Task instructions ->
Please reproduce the data exactly, though every picture must stay out.

Provided data ->
[Start of section]

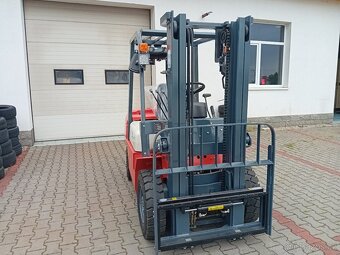Vysokozdvižný vozík 2.5T, 3.0m zdvih, DIESEL - 3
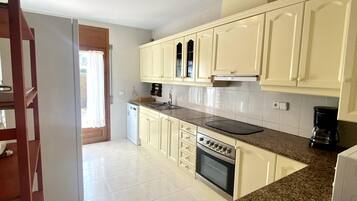 Microwave, oven, dishwasher, coffee/tea maker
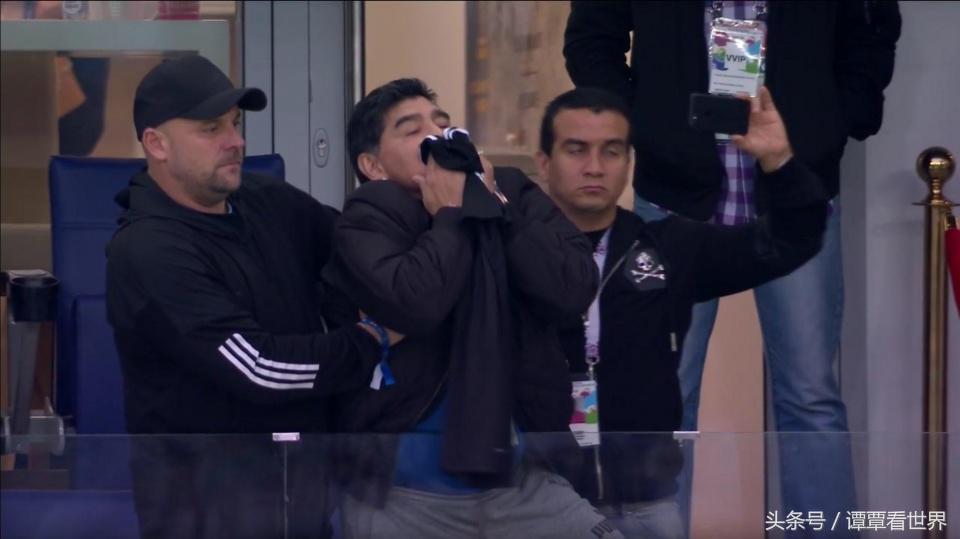 41岁高中毕业51岁当总统,他才是跨界最成功的前世界足球先生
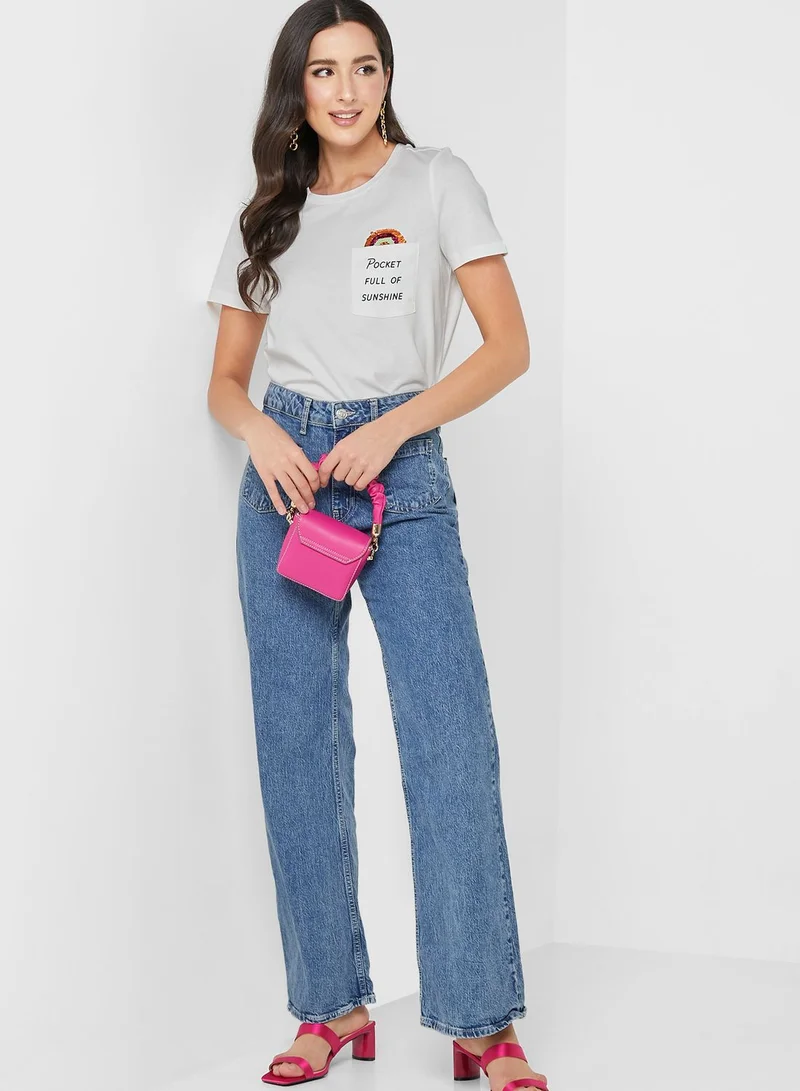 VERO MODA Graphic Round Neck T-Shirt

[End of section]

Your response ->
Vysokozdvižný vozík 2.5T, 3.0m zdvih, DIESEL - 3
 Microwave, oven, dishwasher, coffee/tea maker
 41岁高中毕业51岁当总统,他才是跨界最成功的前世界足球先生
 VERO MODA Graphic Round Neck T-Shirt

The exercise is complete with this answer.